Superconductivity is a fascinating state of matter in which an electrical current can flow without any resistance. Usually, it can exist in two forms. One is destroyed easily with a magnetic field and has ‘even parity’, i.e. it has a point symmetric wave function with respect to an inversion point, and one which is stable in magnetic fields applied in certain directions and has ‘odd parity’, i.e. it has an antisymmetric wave function.

*The “destroyed easily” point helps understanding part of the problem in finding the superconductor that changes history.
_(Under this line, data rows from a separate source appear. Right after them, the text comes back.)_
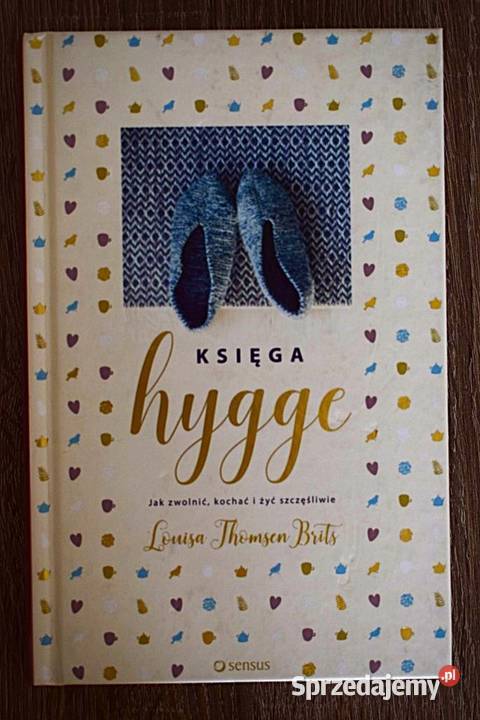 Księga hygge zwolnić kochać i żyć szczęśliwie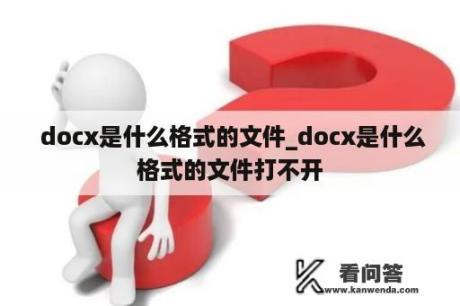  docx是什么格式的文件_docx是什么格式的文件打不开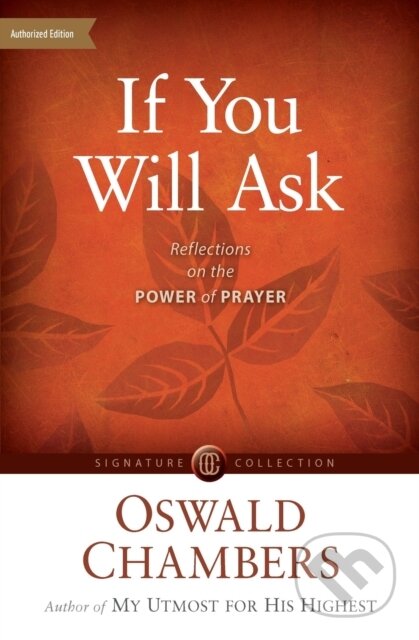 Kniha: If You Will Ask (Oswald Chambers). , 2020
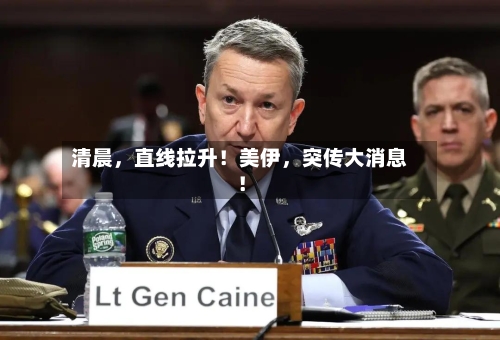 清晨，直线拉升！美伊	，突传大消息！-第2张图片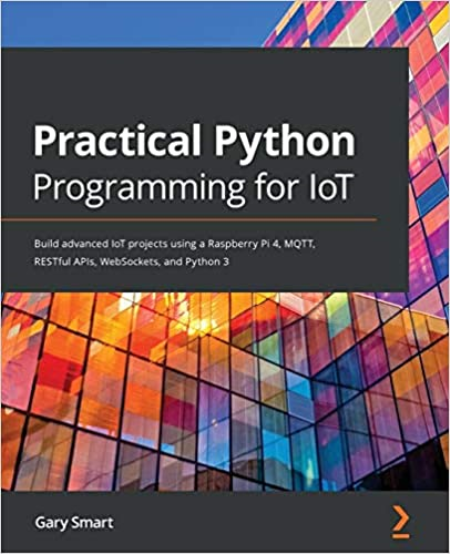 Practical Python Programming for IoT: Build advanced IoT projects using a Raspberry Pi 4, MQTT, RESTful APIs, WebSockets, Python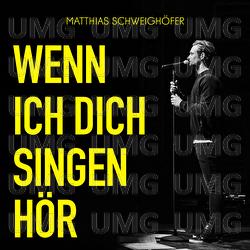 Wenn ich dich singen h&ouml;r - Matthias Schweigh&ouml;fer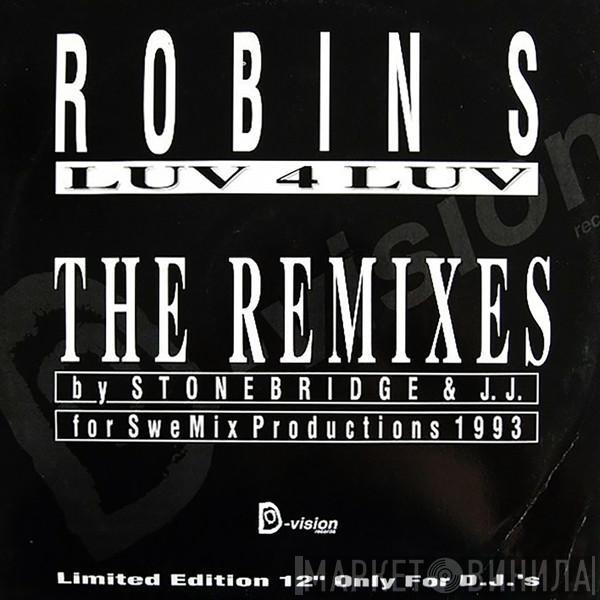  Robin S.  - Luv 4 Luv (Remixes)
Consequently, the latter should present a characteristic angle dependence of the critical field where superconductivity disappears. But odd-parity superconductivity is rare in nature; only a few materials support this state, and in none of them has the expected angle dependence been observed. In a new publication in Physical Review X, the group by Elena Hassinger and collaborators show that the angle dependence in the superconductor CeRh2As2 is exactly that expected of an odd-parity state.

Angle dependence of the superconducting critical fields in CeRh2As2 determined by ac-susceptibility, magnetic torque and specific heat. The observed behavior is in excellent agreement with the expected one of even and odd-parity superconductivity. Image Credit: Max Planck Institute for Chemical Physics of Solids. Click this link to go to the Physical Review X page for this, other images and the study paper.

CeRh2As2 was recently found to exhibit two superconducting states: A low-field state changes into a high-field state at 4 T when a magnetic field is applied along one axis. For varying field directions, the team measured the specific heat, magnetic susceptibility, and magnetic torque of this material to obtain the angle dependence of the critical fields. They found that the high-field state quickly disappears when the magnetic field is turned away from the initial axis. These results are in excellent agreement with the team’s model identifying the two states with even- and odd-parity states.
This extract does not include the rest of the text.